** Opening Exercise material block **

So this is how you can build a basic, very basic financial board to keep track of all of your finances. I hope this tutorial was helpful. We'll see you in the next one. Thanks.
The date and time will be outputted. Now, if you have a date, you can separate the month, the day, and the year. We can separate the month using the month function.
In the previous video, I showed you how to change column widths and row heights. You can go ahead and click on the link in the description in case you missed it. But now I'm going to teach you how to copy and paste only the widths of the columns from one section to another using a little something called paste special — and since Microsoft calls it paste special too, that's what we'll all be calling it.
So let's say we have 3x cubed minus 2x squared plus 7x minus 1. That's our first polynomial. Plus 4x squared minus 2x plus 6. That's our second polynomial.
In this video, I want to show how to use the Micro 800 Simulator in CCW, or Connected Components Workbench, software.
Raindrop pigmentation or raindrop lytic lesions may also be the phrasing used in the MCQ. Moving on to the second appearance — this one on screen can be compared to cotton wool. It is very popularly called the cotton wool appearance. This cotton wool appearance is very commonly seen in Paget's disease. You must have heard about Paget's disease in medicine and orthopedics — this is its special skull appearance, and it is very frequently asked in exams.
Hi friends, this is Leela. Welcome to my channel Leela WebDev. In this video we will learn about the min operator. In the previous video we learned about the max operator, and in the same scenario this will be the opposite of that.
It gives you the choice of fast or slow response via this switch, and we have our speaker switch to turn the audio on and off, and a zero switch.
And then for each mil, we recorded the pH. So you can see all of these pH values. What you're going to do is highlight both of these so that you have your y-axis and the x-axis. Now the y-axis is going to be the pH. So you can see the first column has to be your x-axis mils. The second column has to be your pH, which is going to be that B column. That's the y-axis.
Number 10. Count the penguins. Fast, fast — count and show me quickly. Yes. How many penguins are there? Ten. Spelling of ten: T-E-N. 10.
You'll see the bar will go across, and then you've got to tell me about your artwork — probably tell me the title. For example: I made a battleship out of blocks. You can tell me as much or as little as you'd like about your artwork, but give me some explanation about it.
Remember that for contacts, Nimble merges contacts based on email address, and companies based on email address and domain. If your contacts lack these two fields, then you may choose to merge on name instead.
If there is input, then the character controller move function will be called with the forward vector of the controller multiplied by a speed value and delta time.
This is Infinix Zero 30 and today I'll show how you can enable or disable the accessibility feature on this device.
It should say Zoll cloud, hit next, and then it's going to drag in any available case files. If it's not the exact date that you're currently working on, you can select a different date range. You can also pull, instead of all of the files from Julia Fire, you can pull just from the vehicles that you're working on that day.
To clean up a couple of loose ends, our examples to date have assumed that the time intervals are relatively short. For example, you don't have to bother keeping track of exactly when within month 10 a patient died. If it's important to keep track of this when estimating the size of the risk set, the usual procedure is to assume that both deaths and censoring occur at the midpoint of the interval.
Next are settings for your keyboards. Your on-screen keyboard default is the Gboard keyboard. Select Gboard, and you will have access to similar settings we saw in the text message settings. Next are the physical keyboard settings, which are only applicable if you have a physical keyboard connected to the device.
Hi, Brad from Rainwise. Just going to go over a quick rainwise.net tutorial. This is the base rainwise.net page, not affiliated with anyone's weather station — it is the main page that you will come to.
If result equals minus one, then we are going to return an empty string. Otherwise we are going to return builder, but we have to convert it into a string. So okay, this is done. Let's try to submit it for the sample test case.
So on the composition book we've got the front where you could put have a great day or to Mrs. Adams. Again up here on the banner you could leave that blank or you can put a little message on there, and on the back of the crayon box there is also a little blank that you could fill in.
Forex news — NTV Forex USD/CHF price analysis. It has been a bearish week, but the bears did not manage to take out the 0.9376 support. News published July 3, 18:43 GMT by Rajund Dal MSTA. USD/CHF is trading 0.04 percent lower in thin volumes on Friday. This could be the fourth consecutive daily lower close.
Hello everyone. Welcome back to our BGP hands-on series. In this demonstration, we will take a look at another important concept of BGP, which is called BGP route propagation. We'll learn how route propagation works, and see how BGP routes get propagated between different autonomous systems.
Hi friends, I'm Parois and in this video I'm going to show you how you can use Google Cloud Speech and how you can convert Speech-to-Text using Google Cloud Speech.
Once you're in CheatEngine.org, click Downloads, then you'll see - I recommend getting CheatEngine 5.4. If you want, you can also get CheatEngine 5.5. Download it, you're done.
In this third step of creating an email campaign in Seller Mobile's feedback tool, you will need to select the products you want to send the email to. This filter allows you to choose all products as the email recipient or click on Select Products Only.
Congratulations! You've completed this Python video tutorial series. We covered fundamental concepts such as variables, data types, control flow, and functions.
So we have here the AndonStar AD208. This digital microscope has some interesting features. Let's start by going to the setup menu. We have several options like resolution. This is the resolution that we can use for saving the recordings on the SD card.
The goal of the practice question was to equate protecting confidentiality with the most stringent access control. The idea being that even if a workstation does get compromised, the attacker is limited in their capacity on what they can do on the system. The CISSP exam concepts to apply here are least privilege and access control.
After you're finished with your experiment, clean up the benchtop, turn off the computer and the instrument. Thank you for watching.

** Closing Exercise material block **

- [Your task] Find all lines holding the word "convert" in the records above and copy them.

- [Written answer]
If result equals minus one, then we are going to return an empty string. Otherwise we are going to return builder, but we have to convert it into a string. So okay, this is done. Let's try to submit it for the sample test case.
Hi friends, I'm Parois and in this video I'm going to show you how you can use Google Cloud Speech and how you can convert Speech-to-Text using Google Cloud Speech.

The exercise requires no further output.